Aim of the exercise:
Leave every image out, and return the rest of the data word for word.
_____
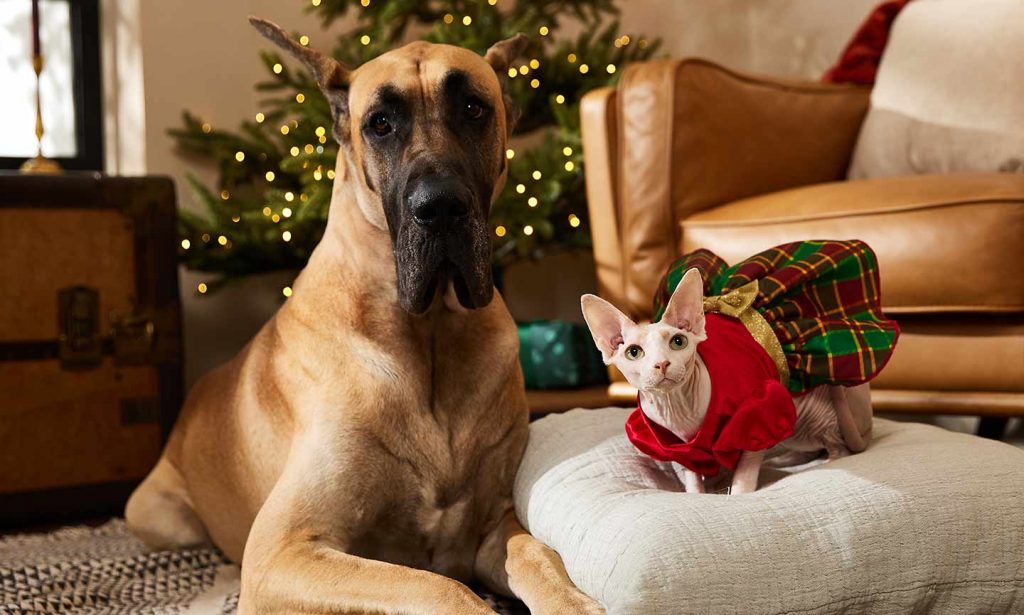 holiday dog and cat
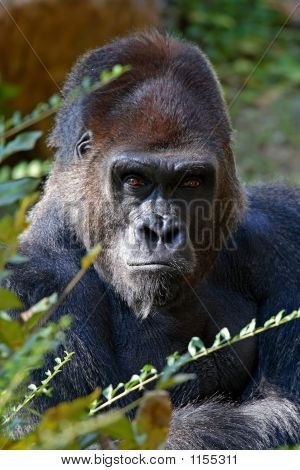 Silverback gorila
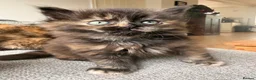 British Shorthair cats for sale: Beautiful BSH X Maine coon babies - Advert 18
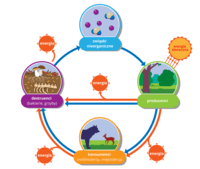 łańcuch pokarmowy - Klasa 8 - Quiz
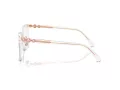 Swarovski Brillen SK 2026D 1027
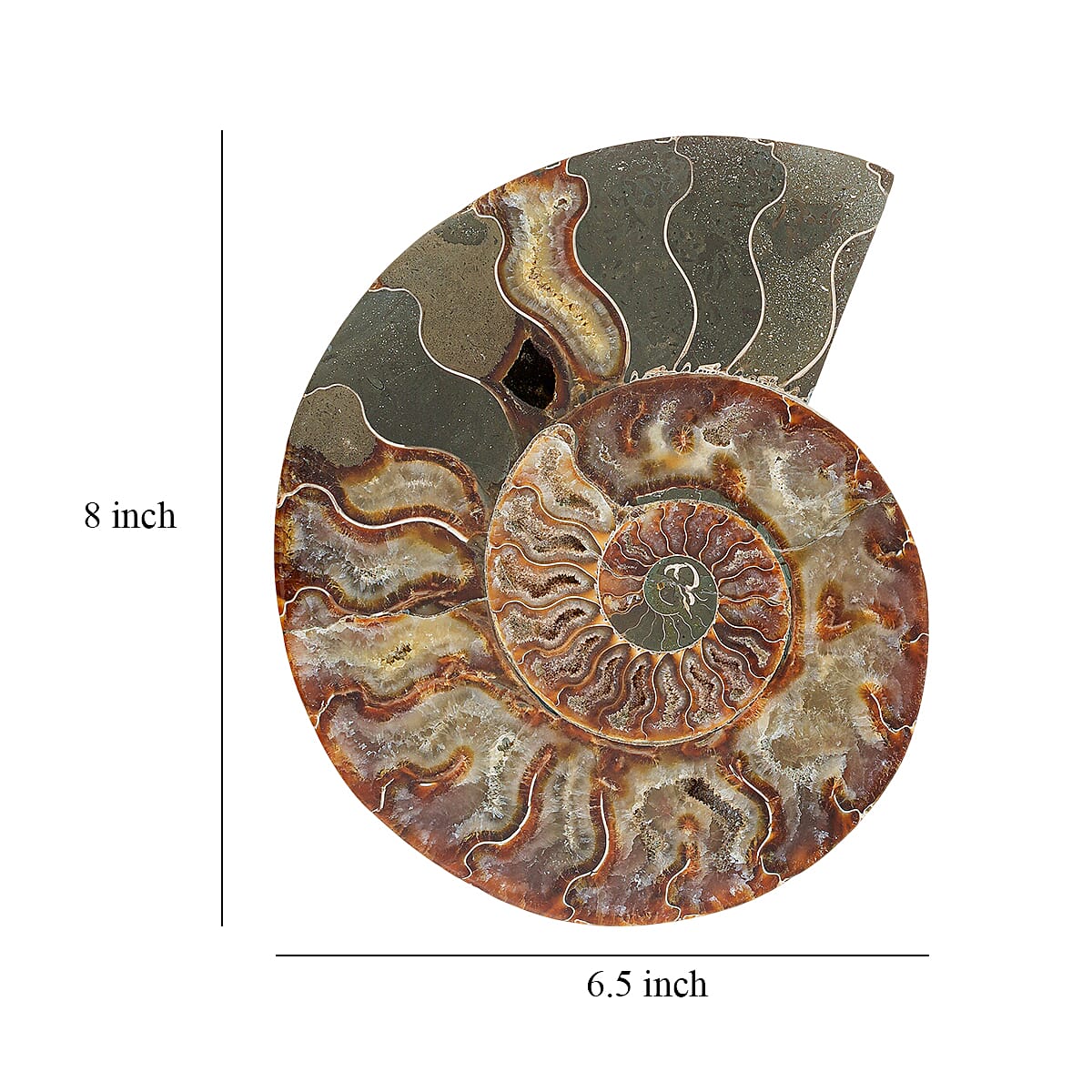 Ammonite Pair 8 Inch To 9 Inch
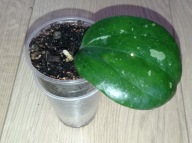 Hoya Hoja MACROPHYLLA snow queen ukorzeniona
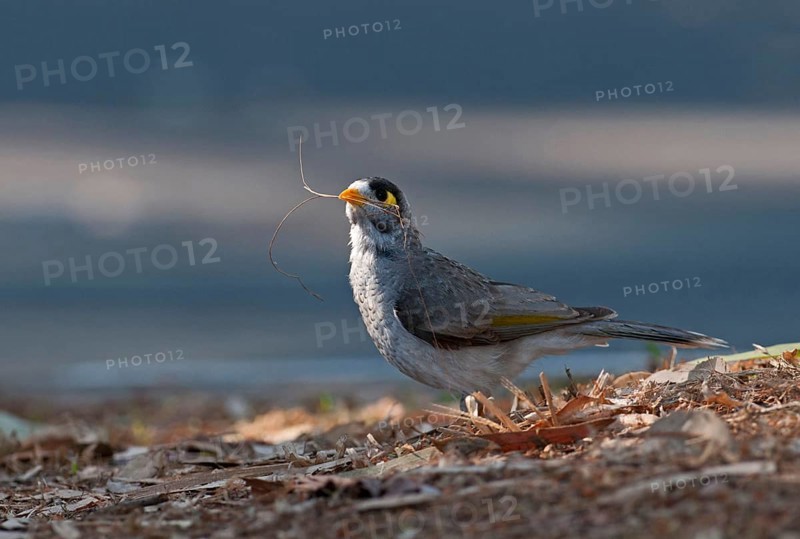 White-fronted Miner
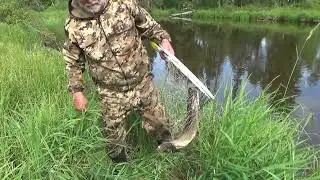 Щучий день. Реванш.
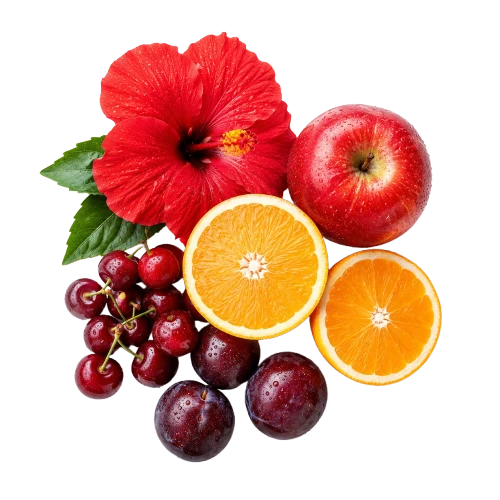 الكركديه وتشكيلة من الفواكه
_____
Exercise solution:
 holiday dog and cat
 Silverback gorila
 British Shorthair cats for sale: Beautiful BSH X Maine coon babies - Advert 18
 łańcuch pokarmowy - Klasa 8 - Quiz
 Swarovski Brillen SK 2026D 1027
 Ammonite Pair 8 Inch To 9 Inch
 Hoya Hoja MACROPHYLLA snow queen ukorzeniona
 White-fronted Miner
 Щучий день. Реванш.
 الكركديه وتشكيلة من الفواكه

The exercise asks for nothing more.